Je le remarquais au commencement de ce chapitre, une partie de l'embarras provient de ce qu'on pose une fausse question – on n'arrive pas à reconnaître qu'une chose puisse fonctionner comme œuvre d'art en certains moments et non en d'autres. Pour les cas cruciaux, la véritable question n'est pas « Quels objets sont (de façon permanente) des œuvres d'art ? » mais « Quand un objet fonctionne-t-il comme œuvre d'art ? » – ou plus brièvement, comme dans mon titre « Quand y a-t-il art ? » (...)
Un objet peut être une œuvre d'art en certains moments et non en d'autres. À vrai dire, un objet devient précisément une œuvre d'art parce que et pendant qu'il fonctionne d'une certaine façon comme symbole. Tant qu'elle est sur une route, la pierre n'est d'habitude pas une œuvre d'art, mais elle peut en devenir une quand elle est donnée à voir dans un musée d'art. Sur la route, elle n'accomplit en général aucune fonction symbolique. Au musée, elle exemplifie certaines de ses propriétés – par exemple, les propriétés de forme, couleur, texture. Le creusement et remplissage d'un trou fonctionne comme œuvre dans la mesure où notre attention est dirigée vers lui en tant que symbole exemplifiant. D'un autre côté, un tableau de Rembrandt cesserait de fonctionner comme œuvre d'art si l'on s'en servait pour boucher une vitre cassée ou pour s'abriter.
Maintenant, bien sûr, fonctionner comme symbole d'une façon ou d'une autre n'est pas en soi fonctionner comme œuvre d'art. Notre échantillonnage, quand il sert d'échantillon, n'en devient pas alors et par ce fait une œuvre d'art. Les choses fonctionnent comme œuvres d'art seulement quand leur fonctionnement symbolique présente certaines caractéristiques. Notre pierre dans un musée de géologie acquiert des fonctions symboliques à titre d’échantillon de pierres d’une période, une origine ou une composition données, mais elle ne fonctionne pas comme œuvre d’art.

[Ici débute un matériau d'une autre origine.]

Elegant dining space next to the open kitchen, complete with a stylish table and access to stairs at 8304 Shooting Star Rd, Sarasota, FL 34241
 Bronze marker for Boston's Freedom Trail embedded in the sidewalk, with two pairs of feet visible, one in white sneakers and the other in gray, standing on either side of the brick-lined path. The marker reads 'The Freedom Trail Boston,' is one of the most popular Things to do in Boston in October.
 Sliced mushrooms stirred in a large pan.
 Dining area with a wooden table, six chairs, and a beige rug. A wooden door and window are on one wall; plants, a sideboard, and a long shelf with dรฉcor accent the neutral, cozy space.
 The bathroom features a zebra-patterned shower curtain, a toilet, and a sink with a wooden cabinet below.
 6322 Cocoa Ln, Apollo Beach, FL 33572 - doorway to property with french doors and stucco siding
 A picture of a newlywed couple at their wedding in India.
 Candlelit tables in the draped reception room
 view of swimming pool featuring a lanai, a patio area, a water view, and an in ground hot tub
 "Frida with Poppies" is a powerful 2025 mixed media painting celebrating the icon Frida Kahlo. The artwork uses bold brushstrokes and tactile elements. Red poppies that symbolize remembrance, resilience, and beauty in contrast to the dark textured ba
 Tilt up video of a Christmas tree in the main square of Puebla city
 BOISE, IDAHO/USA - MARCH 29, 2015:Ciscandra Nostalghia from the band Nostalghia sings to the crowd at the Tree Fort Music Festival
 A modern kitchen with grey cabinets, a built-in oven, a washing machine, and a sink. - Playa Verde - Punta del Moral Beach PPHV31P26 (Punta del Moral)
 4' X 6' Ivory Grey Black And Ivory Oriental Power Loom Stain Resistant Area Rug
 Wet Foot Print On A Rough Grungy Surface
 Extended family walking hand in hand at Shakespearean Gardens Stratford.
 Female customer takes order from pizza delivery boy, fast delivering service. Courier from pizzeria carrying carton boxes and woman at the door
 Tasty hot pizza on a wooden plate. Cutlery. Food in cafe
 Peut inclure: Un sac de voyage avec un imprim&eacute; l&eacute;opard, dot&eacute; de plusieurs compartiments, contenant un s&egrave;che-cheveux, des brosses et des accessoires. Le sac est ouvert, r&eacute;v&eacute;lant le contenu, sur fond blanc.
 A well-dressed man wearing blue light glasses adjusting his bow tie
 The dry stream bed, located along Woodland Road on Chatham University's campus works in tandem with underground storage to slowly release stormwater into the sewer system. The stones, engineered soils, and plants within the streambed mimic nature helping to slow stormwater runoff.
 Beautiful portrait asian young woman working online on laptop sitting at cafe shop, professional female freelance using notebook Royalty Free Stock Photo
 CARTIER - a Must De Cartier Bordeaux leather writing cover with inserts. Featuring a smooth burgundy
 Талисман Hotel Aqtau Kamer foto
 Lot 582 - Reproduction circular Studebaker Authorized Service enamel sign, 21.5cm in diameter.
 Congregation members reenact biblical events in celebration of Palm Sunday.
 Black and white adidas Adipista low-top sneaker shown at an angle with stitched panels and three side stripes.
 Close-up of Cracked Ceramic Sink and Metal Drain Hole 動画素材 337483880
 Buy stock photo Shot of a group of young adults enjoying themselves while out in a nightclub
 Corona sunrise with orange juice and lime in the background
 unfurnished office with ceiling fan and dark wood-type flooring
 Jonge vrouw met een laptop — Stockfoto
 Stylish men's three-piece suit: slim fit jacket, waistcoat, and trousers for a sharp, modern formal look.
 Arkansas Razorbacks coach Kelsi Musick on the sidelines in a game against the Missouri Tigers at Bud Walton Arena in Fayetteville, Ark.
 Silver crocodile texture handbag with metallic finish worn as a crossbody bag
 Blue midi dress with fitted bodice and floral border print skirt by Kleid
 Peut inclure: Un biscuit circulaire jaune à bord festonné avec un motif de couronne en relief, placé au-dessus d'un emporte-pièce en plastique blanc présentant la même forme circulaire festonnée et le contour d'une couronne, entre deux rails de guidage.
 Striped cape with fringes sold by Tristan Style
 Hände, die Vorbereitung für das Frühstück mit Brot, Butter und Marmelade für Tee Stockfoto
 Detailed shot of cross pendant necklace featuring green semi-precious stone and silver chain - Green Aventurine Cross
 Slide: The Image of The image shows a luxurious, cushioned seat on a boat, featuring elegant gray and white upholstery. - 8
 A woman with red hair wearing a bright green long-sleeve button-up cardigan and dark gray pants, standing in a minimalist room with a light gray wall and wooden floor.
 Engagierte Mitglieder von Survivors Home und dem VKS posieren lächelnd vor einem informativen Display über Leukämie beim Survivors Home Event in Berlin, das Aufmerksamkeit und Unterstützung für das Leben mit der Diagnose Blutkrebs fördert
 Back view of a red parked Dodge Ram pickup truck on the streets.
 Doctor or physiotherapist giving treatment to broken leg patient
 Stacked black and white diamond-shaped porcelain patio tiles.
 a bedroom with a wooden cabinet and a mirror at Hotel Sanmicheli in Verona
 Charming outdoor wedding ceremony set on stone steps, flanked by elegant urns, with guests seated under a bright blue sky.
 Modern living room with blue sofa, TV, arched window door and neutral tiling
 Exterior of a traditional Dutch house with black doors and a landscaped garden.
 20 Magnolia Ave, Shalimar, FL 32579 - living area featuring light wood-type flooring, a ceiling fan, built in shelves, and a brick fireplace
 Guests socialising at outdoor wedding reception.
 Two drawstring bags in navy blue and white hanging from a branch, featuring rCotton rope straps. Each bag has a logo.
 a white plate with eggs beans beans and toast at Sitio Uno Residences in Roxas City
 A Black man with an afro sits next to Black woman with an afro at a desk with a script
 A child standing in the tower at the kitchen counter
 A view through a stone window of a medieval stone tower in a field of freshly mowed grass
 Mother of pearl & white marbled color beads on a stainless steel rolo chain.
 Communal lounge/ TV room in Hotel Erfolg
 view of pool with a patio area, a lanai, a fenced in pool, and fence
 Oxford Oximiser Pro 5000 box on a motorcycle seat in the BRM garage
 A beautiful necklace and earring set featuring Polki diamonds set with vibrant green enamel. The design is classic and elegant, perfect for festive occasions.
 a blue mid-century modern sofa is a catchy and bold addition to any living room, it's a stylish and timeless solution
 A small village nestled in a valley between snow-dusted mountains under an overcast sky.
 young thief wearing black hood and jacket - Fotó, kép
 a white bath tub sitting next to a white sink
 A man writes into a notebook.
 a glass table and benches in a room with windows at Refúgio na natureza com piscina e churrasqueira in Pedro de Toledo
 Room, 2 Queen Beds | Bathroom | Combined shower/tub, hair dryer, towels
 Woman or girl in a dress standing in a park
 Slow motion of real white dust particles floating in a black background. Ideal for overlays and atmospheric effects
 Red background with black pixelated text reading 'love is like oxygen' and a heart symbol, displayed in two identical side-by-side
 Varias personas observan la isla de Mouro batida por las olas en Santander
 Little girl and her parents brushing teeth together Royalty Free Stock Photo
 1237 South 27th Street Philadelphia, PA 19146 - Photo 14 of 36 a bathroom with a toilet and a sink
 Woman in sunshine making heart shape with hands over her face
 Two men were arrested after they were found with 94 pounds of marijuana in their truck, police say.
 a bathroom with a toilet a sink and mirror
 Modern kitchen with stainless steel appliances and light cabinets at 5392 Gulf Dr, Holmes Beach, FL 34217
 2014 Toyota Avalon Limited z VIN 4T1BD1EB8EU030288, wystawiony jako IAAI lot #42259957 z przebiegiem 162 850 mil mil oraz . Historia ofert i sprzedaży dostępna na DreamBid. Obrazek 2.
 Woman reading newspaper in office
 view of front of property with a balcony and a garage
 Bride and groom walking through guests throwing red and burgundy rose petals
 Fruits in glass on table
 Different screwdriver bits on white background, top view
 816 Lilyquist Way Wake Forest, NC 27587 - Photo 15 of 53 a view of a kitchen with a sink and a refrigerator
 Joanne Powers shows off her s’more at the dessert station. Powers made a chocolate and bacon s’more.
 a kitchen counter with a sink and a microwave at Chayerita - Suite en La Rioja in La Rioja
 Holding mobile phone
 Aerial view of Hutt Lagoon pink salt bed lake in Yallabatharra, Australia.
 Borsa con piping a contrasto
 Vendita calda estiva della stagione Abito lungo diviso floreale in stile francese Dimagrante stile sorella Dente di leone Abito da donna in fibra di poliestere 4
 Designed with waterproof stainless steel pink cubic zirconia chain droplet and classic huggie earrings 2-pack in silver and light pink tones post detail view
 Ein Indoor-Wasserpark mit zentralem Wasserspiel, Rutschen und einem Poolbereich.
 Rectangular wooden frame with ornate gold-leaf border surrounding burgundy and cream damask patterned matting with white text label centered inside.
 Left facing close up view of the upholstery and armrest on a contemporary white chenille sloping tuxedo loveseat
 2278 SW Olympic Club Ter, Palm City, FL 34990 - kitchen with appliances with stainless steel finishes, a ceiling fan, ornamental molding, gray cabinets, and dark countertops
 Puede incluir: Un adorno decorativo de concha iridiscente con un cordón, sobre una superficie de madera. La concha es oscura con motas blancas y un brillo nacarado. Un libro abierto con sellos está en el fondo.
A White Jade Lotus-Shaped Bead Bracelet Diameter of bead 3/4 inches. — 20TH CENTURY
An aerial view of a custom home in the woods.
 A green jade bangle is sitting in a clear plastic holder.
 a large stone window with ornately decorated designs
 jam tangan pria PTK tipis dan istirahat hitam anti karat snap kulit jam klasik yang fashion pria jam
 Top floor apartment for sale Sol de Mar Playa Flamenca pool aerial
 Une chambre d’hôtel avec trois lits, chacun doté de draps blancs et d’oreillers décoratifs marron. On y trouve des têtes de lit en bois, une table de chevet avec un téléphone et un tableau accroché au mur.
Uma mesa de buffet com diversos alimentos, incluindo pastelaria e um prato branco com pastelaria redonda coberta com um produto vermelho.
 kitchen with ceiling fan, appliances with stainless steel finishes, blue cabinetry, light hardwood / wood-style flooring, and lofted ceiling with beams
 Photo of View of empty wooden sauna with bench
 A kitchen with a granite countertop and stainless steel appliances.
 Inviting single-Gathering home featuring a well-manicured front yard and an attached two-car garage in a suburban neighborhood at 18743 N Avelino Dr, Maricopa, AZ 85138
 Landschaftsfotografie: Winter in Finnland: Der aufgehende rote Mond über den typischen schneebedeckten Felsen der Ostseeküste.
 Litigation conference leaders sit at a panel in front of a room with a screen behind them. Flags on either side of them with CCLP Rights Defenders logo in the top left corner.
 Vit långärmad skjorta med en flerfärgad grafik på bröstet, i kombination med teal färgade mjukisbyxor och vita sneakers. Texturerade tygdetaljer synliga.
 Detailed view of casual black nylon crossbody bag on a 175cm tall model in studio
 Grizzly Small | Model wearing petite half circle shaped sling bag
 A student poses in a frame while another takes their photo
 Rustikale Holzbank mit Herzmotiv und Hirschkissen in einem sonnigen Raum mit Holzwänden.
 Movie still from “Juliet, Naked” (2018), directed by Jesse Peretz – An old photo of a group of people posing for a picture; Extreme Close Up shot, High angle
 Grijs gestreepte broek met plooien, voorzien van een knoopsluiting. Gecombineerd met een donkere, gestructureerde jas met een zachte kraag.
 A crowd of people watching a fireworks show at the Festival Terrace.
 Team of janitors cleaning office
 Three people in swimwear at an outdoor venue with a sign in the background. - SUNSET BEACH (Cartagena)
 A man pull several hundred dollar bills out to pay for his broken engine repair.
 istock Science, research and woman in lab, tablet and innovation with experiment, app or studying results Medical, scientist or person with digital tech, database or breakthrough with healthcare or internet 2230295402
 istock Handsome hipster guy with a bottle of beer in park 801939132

La question de savoir quelles caractéristiques au juste distinguent, ou sont des indices de, la symbolisation (qui constitue le fonctionnement en tant qu’oeuvre d’art), appelle une étude attentive à la lumière d’une théorie générale des symboles. (...) Je risque l’idée qu’il y a cinq symptômes de l’esthétique : (1) La densité syntaxique : les différences les plus fines à certains égards constituent une différence entre des symboles – par exemple, un thermomètre au mercure non gradué par opposition avec un instrument électronique à lecture numérique ; (2) la densité sémantique : les choses qui sont distinguées selon de très fines différences à certains égards sont munies de symboles (...) (3) une saturation relative : de nombreux aspects d’un symbole sont plus ou moins significatifs – par exemple, dans un dessin de Hokusai qui représente une montagne par un simple trait, chaque caractéristique de forme, ligne, épaisseur, etc, compte (...) (4) l’exemplification : un symbole, qu’il dénote ou non, symbolise en servant d’échantillon pour les propriétés qu’il possède littéralement ou métaphoriquement ; et enfin (5) la référence multiple et complexe : un symbole remplit plusieurs fonctions référentielles intégrées et interagissantes, les unes directement et certaines par l’intermédiaire d’autres symboles.